2)The toilet is on the second floor.
Les toilettes sont au deuxième étage

toilet = toilettes (bathroom)


----------



## melu85

...sur les toilettes publiques


----------



## Hashiru

really??? "les" in the first example too?
WR is wrong?  this is a huge confidence boost to my article-sensing.  I basically just use whatever article that 'sounds' correct...which will no doubt cost me marks one day


----------



## Hashiru

wait...so is it "des" or "les" for Example1?

Pikilia, I think I'm beginning to see why it is "des" in Eg.1 now...


----------



## PIKILIA

des toilettes : some toilets (like in "Are there any public toilets in this parc? _Il y a DES toilettes publiques dans ce parc?_
les toilettes : the toilets (like in "where are the toilets?" _Où sont LES toilettes?_)

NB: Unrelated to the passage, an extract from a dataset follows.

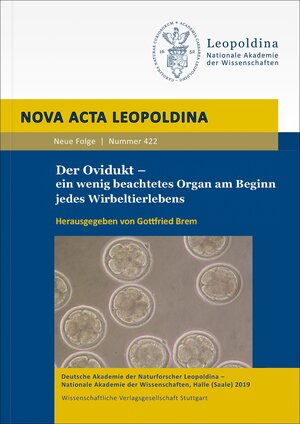 Buchcover Der Ovidukt – ein wenig beachtetes Organ am Beginn jedes Wirbeltierlebens  | EAN 9783804739918 | ISBN 3-8047-3991-1 | ISBN 978-3-8047-3991-8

Has to do with specific or general...


----------



## timpeac

PIKILIA said:


> des toilettes : some toilets (like in "Are there any public toilets in this parc? _Il y a DES toilettes publiques dans ce parc?_
> les toilettes : the toilets (like in "where are the toilets?" _Où sont LES toilettes?_)
> 
> Has to do with specific or general...


But surely in example one we are talking about general toilettes, any and every public toilette, so why des?


----------



## Hashiru

What about this sentence?
Il loue des chambres à des étudiants.

"Des" should be used here right?


----------



## PIKILIA

ok, here's something that can explain better than me! LE, LA, lES, DES... It has to do with undefined, defined object you are talking about...

http://french.chass.utoronto.ca/fre180/Articles.html

Hope it helps!


----------



## timpeac

That's a bit of a cop-out PIKILIA What's your opinion of what is the right choice of "des" and "les" in the first example, and what's the difference of meaning to you if you heard it?


----------



## PIKILIA

Well, it is quite hard to explain because sometimes, both can be used. Usually, we use _des_ when talking about something that is not defined by the person who talks but in a general way. You could maybe replace DES by ANY or SOME in english to help you decide.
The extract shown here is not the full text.